* **Exercise data**
********

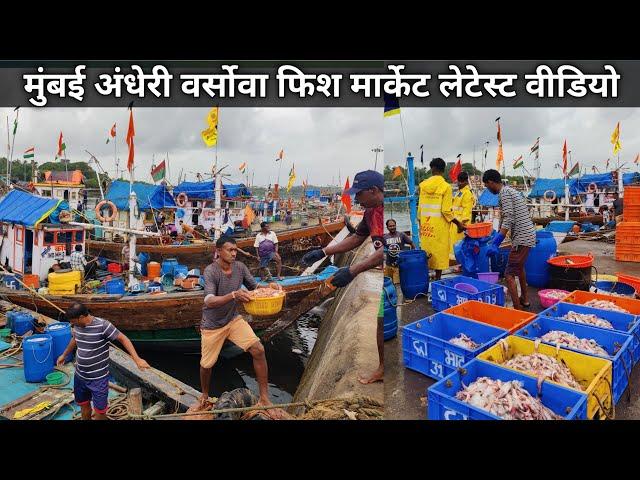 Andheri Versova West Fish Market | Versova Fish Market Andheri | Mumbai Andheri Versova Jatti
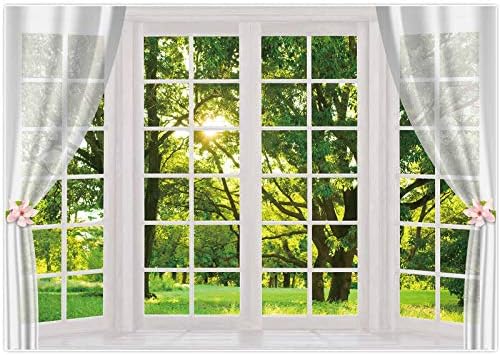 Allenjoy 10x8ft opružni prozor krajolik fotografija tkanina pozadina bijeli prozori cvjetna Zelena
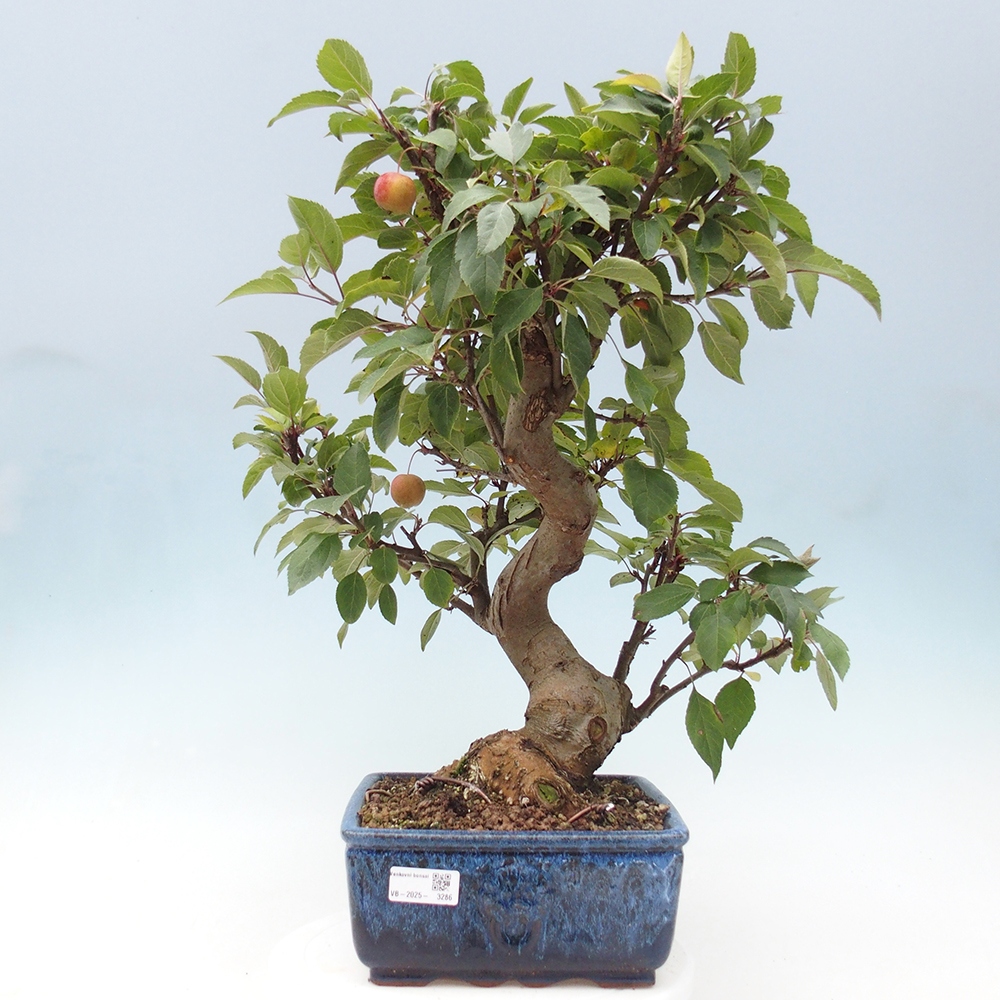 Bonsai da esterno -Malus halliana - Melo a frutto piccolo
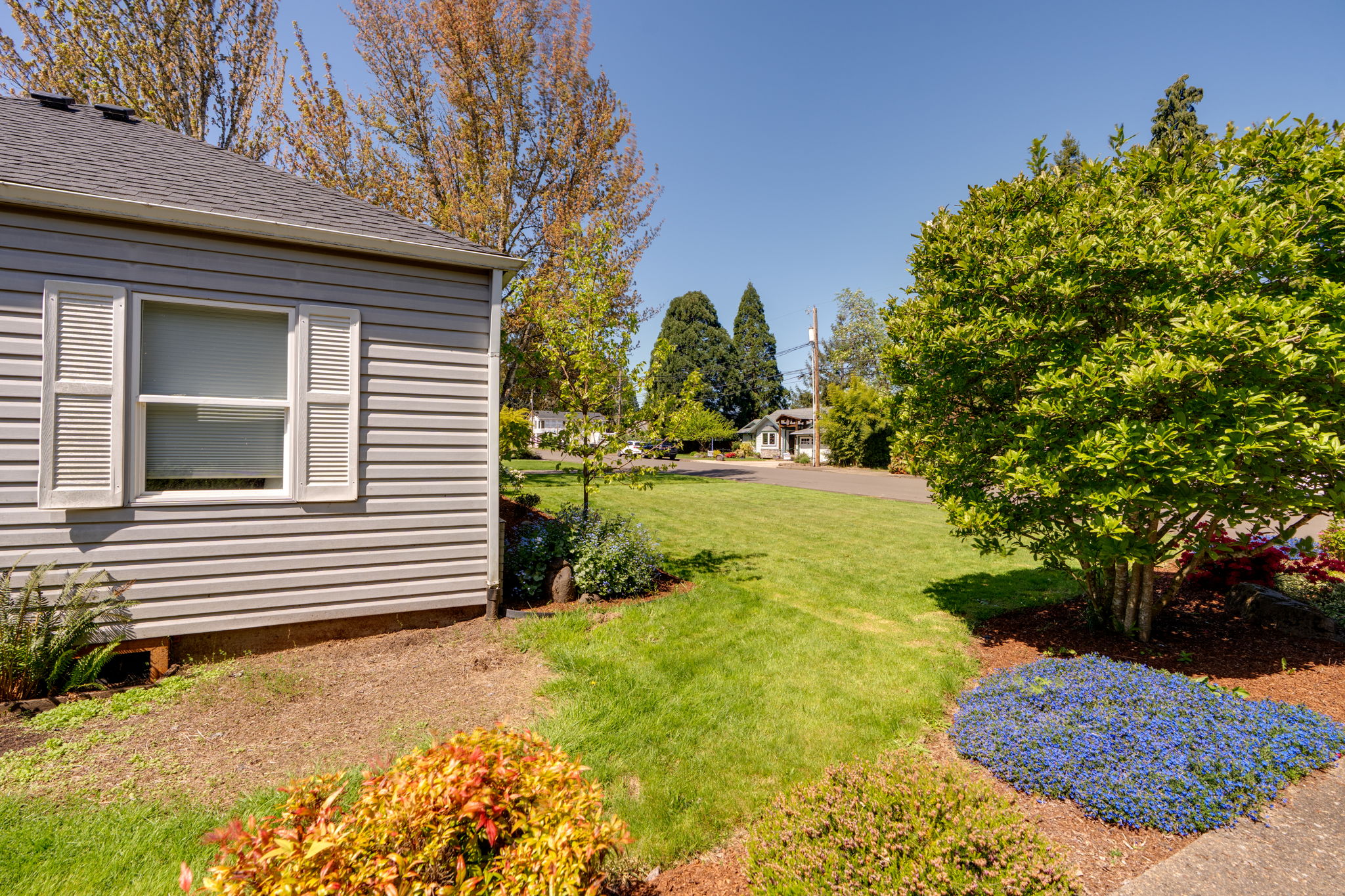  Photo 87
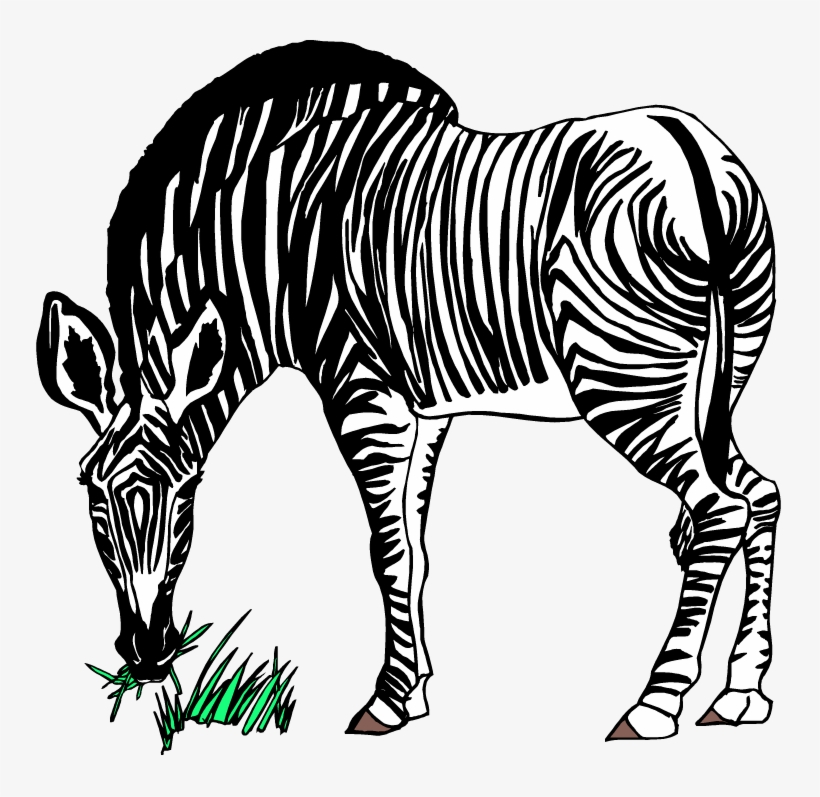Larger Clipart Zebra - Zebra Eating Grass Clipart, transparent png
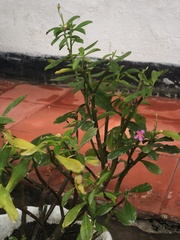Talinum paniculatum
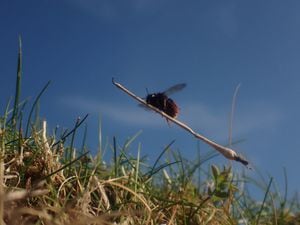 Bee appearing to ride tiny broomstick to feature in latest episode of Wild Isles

********

* **Work to complete**
Please give the entries above again exactly as written, leaving out any pictures.

* **Answer to this task**
 Andheri Versova West Fish Market | Versova Fish Market Andheri | Mumbai Andheri Versova Jatti
 Allenjoy 10x8ft opružni prozor krajolik fotografija tkanina pozadina bijeli prozori cvjetna Zelena
 Bonsai da esterno -Malus halliana - Melo a frutto piccolo
  Photo 87
Larger Clipart Zebra - Zebra Eating Grass Clipart, transparent png
Talinum paniculatum
 Bee appearing to ride tiny broomstick to feature in latest episode of Wild Isles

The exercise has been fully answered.